Title: Clustering of text documents with keyword weighting function
Authors: A. Christy; G. Meera Gandhi; S. Vaithyasubramanian
Addresses: Faculty of Computing, Sathyabama Institute of Science and Technology, Chennai, India ' Faculty of Computing, Sathyabama Institute of Science and Technology, Chennai, India ' Department of Mathematics, Sathyabama Institute of Science and Technology, Chennai, India
Abstract: In this digital world, data is available in abundance everywhere and it is growing at a phenomenal rate. Making data available readily for decision making is an important task of data analyst. In this article, we propose an unsupervised learning algorithm for text document clustering by adopting keyword weighting function. Documents are pre-processed and relevant keywords based on their weights are grouped together. Clustered keyword weighting (CKW) takes each class in the training collection as a known cluster, and searches for feature weights iteratively to optimise the clustering objective function, in order to retrieve the best clustering result.
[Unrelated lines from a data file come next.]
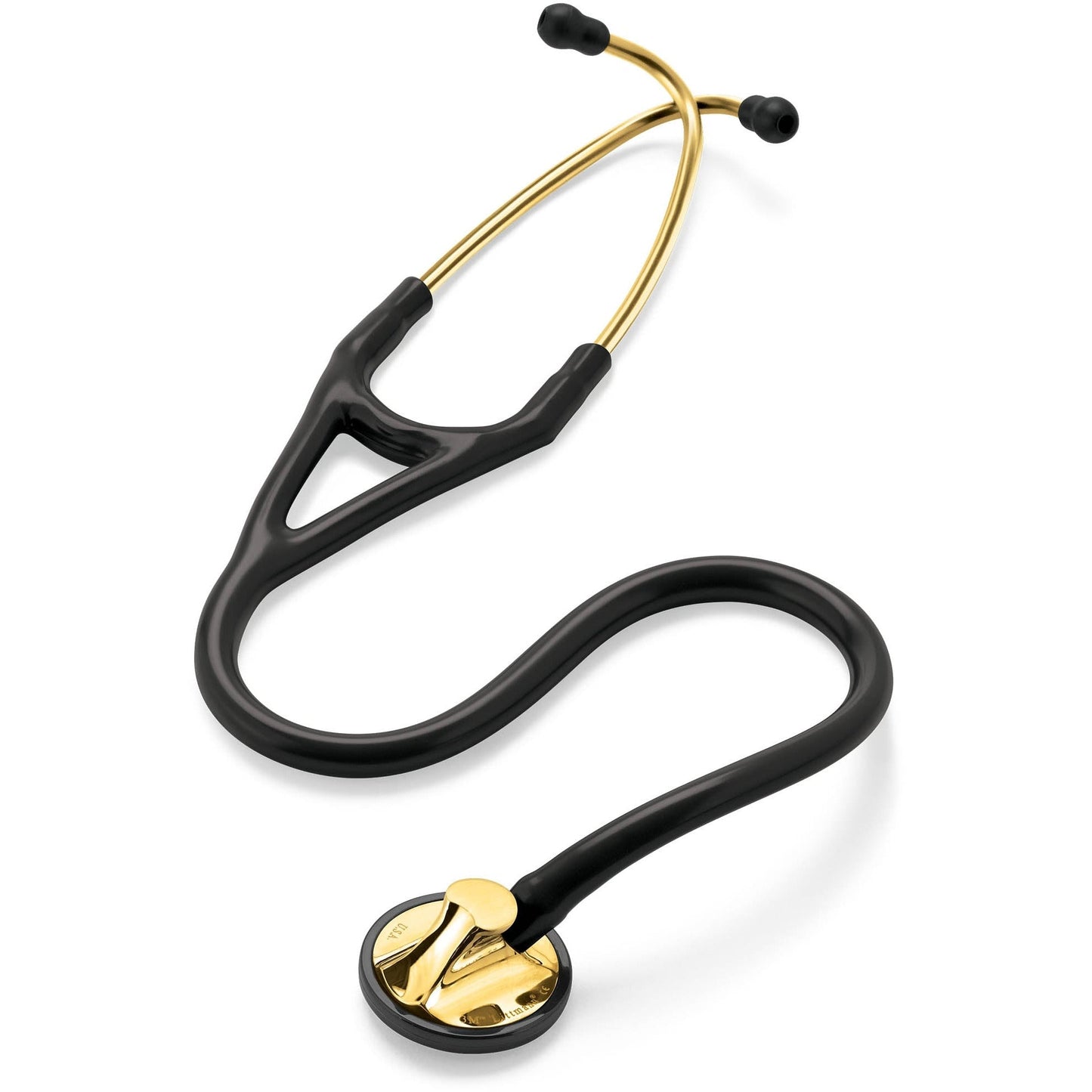 Littmann Master Cardiology Stethoscope: Black & Brass 2175 - Over Engraved - Littmann Stethoscopes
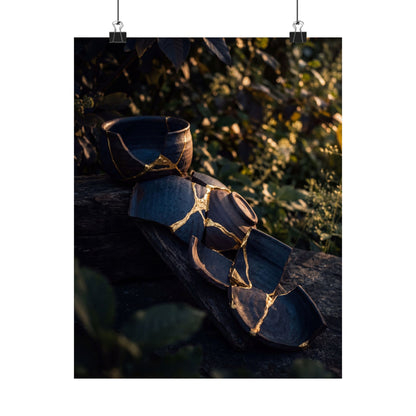 Mono No Aware Broken Pottery Wall Art Print - Dark Japandi Shadow Zen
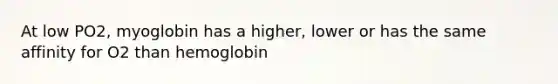 At low PO2, myoglobin has a higher, lower or has the same affinity for O2 than hemoglobin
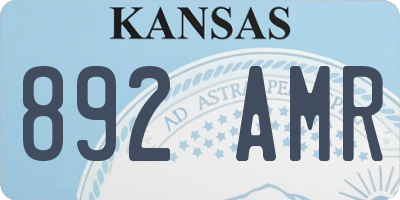 KS license plate 892AMR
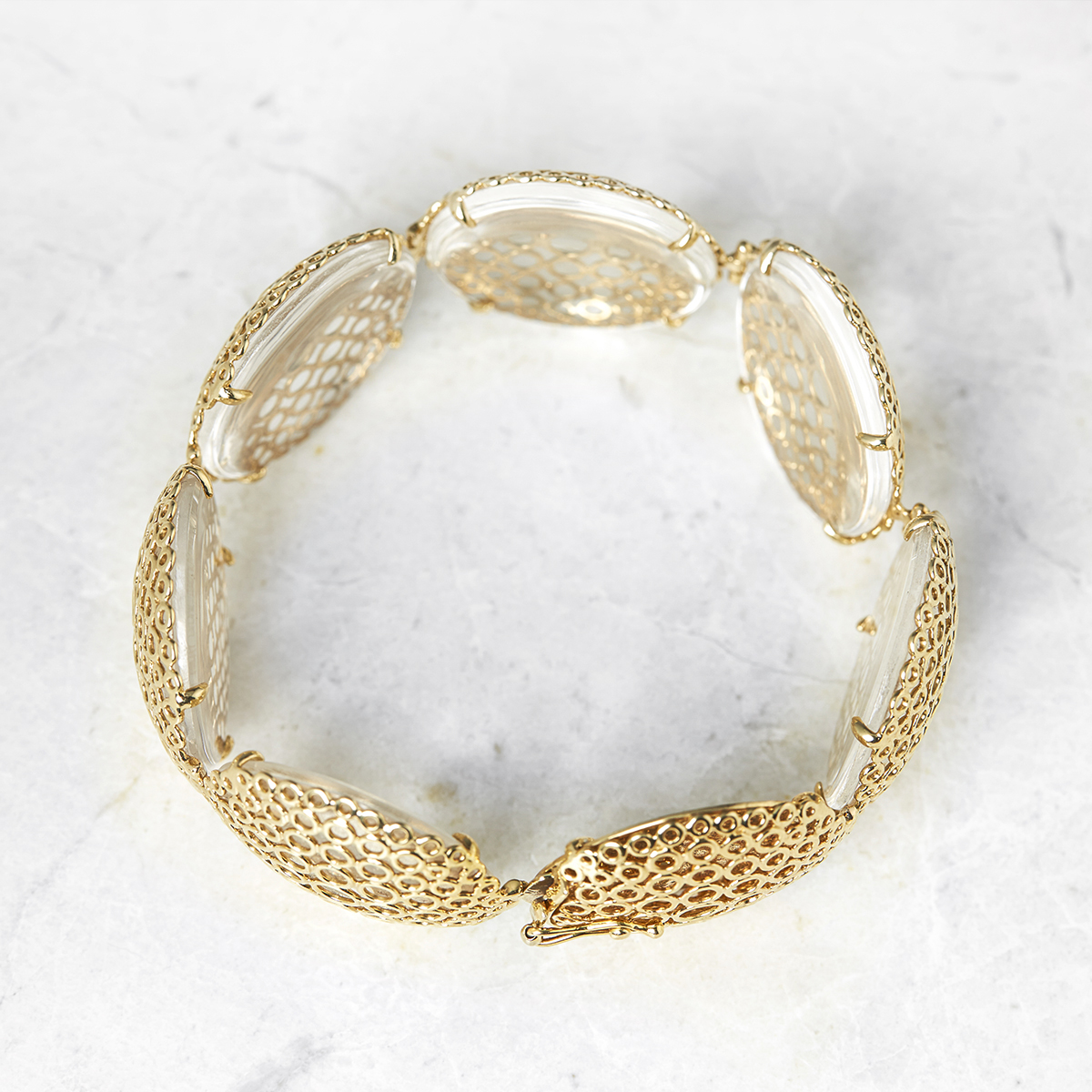 Carla Amorim 18k Yellow Gold Cabochon Clear Crystal Quartz Bracelet - Image 6 of 7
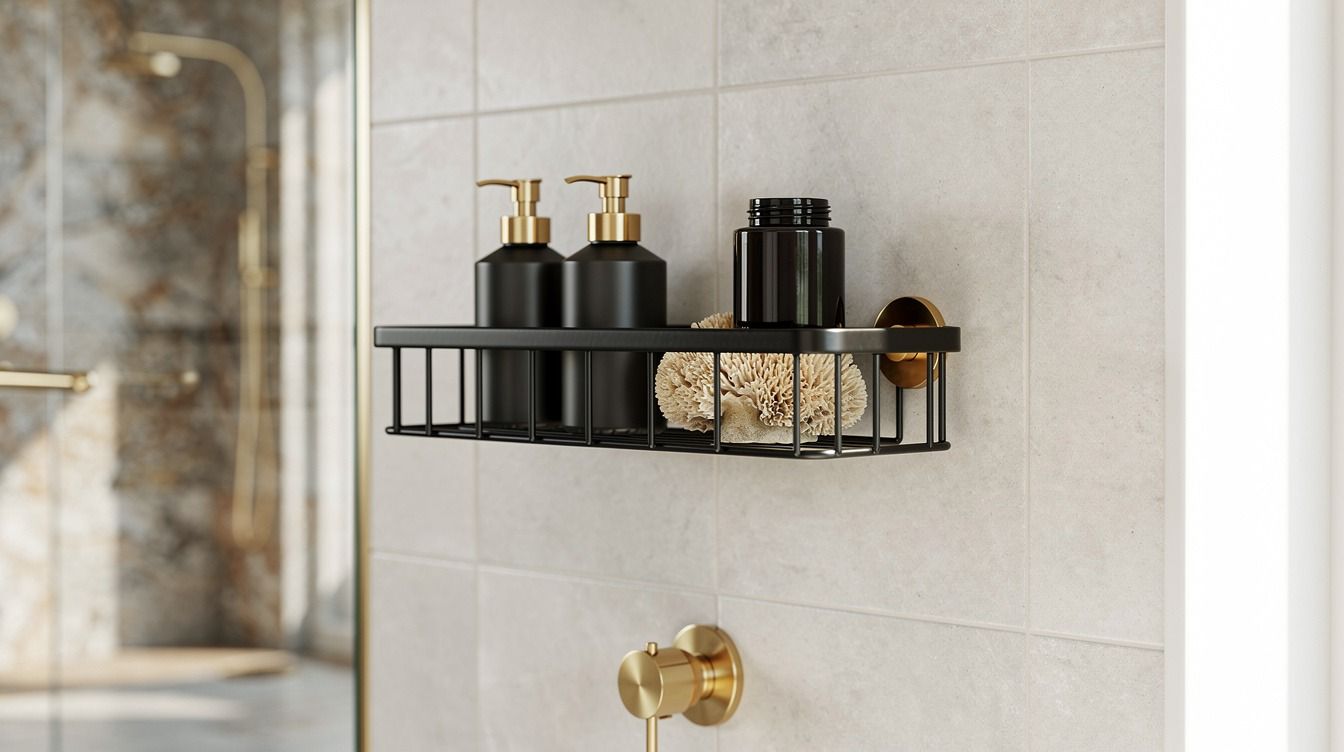 I Added a Brass, Gold & Black Metal Shower Shelf, Hardware Made It Feel Richer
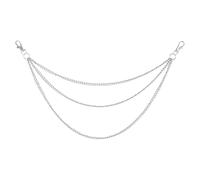 sourcing map Hip Hop Pants Chain, 33/38/48cm Punk Trousers Jeans Chain Three-Layer Link Chains Goth Layered Wallet Pocket Chains for Women Men Clothing Accessories(Silver)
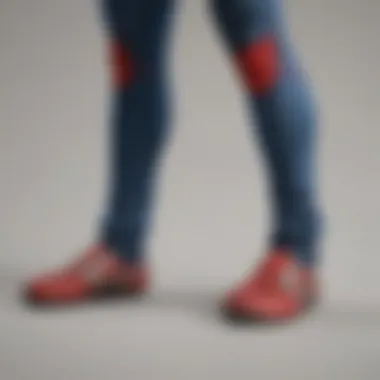 Close-up of the materials used in Spider-Man house shoes highlighting comfort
Performance of CKW is validated by clustering BBC news collection text collections. Experiments were conducted with simple K-means, hierarchical clustering algorithms and our keyword weighting and clustering approach has shown improved cluster quality compared to the other methods.
Keywords: documents; cluster; unsupervised; feature; K-means; normalised.
International Journal of Intelligent Enterprise, 2019 Vol.6 No.1, pp.19 - 31
Received: 06 Mar 2018
Accepted: 02 May 2018
Published online: 04 Jun 2019 *